İnsanlar hata yaparlar. Hatalar insanlar içindir. Ders almak, öğrenmek, büyümek içindir. Ama küçük, ama büyük… Bazen sadece kendimize, bazen çevremizdekilere, sevdiklerimize de zarar veririz. Zaaflarımıza yenik düşeriz, akıl tutulması yaşarız, basiretimiz bağlanır… Ne derseniz deyin. Bazı hataları telafi edebilir, bazılarını edemeyiz. Ama yaparız işte. Yaşadıkça öğreniriz.


Deniz Seki de hatalar yaptı. Bedelini çok ağır ödediği hatalar. Hem kendine, kariyerine zarar vermiş, hem kanunlar önünde suçlu duruma düşmüş, hem de toplum vicdanını incitmiş olabilir. Ünlüydü nihayetinde, göz önündeydi ve her ünlü gibi seveni kadar sevmeyeni de çoktu. Ama ne olursa olsun, hiç kimse yargısız infazı hak etmez. Adaletinden şüphe duyulan yargıyı da…

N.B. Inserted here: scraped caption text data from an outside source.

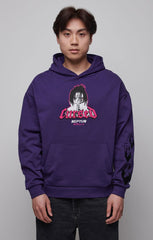Sasuke Uchiha - Oversize Hoodie / Kapuzenpullover - Lila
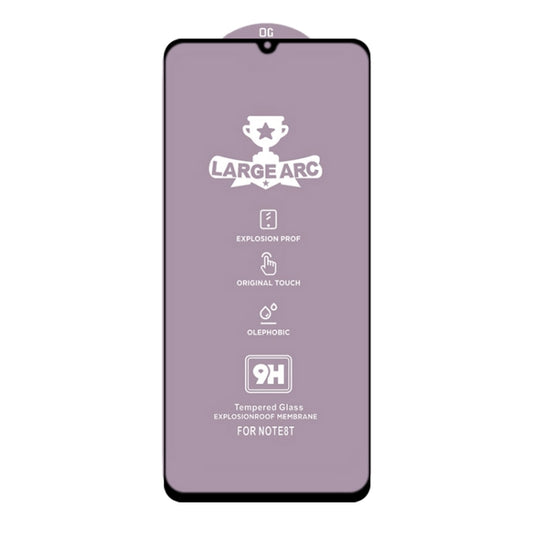 For Xiaomi Mi 10 Youth 5G 9H HD Large Arc High Alumina Full Screen Tempered Glass Film by buy2fix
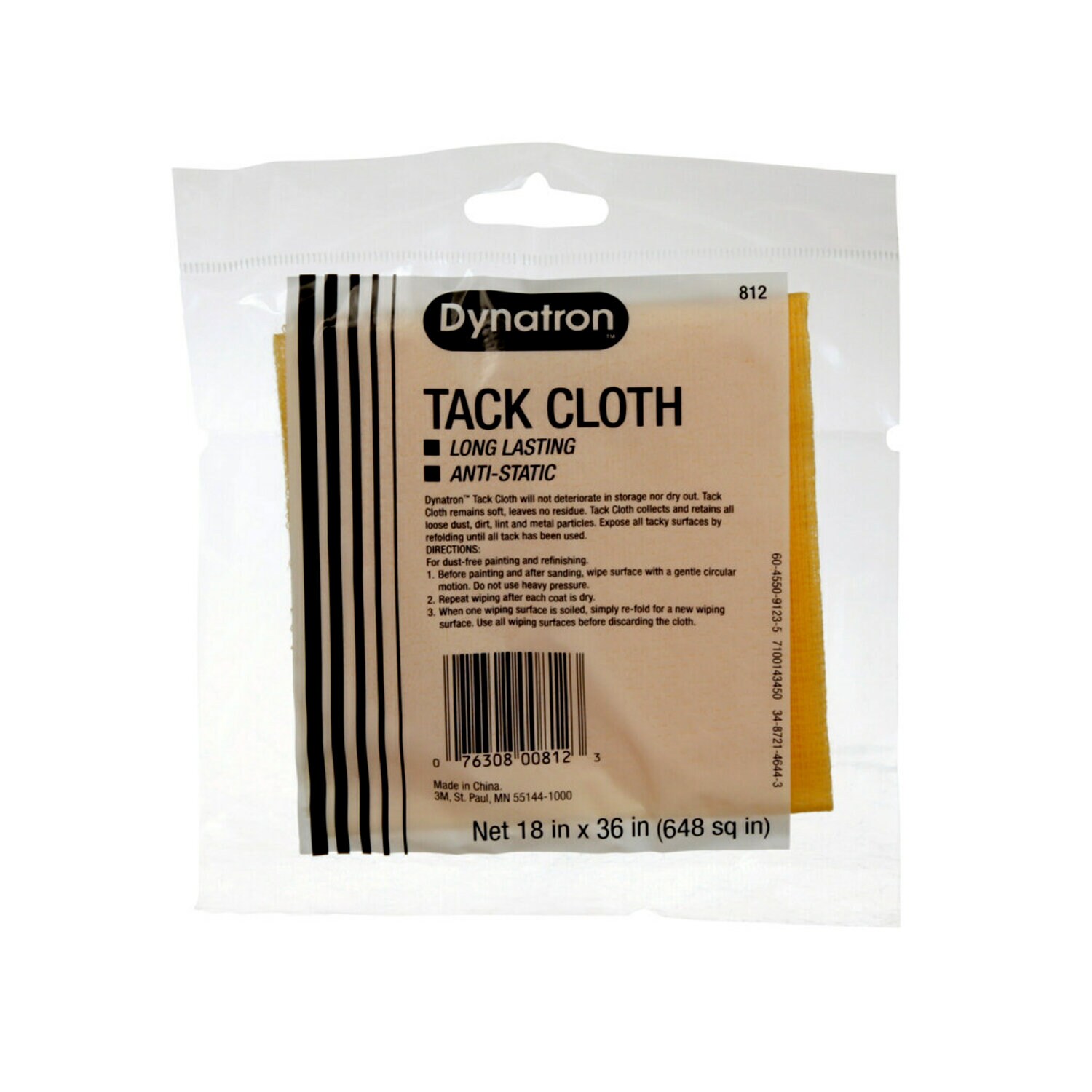 7100143450 - Dynatron Boxed Tack Cloth, 00812, 12 tack cloths per carton, 12 cartons per case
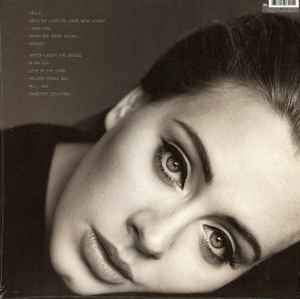 Adele – 25 – achterkant hoes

Bu noktada Deniz Seki’nin kardeşi Serkan Seki’nin Twitter’da yazdıklarına bir göz atalım. Biz de konuştuk uzun uzun Serkan’la, ama onun kendi cümlelerini alıntılamakta fayda var:
“Sadece telefon konuşmalarının delil olarak ortaya konulduğu ve hüküm verildiği bir dava bu... Ortada ‘Paylaşmışsın. Bu, temin=ticarettir hukuk dilinde’ denilen bir karar var... Israrla ‘Kiminle paylaştık, dinlenilmesini istiyoruz’ dedik. Reddedildi Özel Yetkili Mahkeme tarafından... İşin mantığa sığmayan kısmı, Deniz’in paylaştığı, dolayısı ile temin ettiğine kanaat getirilen o iki kişi ‘Hayatımda kullanmadım’ dedi ve beraat ettiler. Yani hayatında hiç madde kullanmadığını söyleyen ve beraat eden birine, madde paylaşma (=temin=ticaret)ten ceza alan biri var ortada... Deniz Seki’yi seversiniz sevmezsiniz o ayrı hikâye ama adalet hepimize lazım. Sizlerden ricam, lütfen tarafsız değerlendirin olayları. Af değil yeniden yargılanma istiyoruz!”


Bu noktada insanın Deniz Seki’in “günah keçisi” seçildiği ve ibret-i âlem olsun diye bu meselenin bu kadar ortalığa saçıldığı, sıcak tutulduğu teorilerine inanası geliyor. Yoksa geçmişten bugüne, saymakla bitmeyecek kadar çok ünlü ismin başı derde girdi bu konuda… Birazcık arşiv karıştırmak yeterli onları hatırlamak için. Hatta onların arasında şimdilerde Deniz’i kınayanlar da var. Bilenler biliyor. Ama hiç biri bu kadar afişe olmadı, bu kadar ağır bedeller ödemedi. Burada başka bir iş var. Kim bilir, belki bizim aklımızın ermediği bir iş, bir hesap…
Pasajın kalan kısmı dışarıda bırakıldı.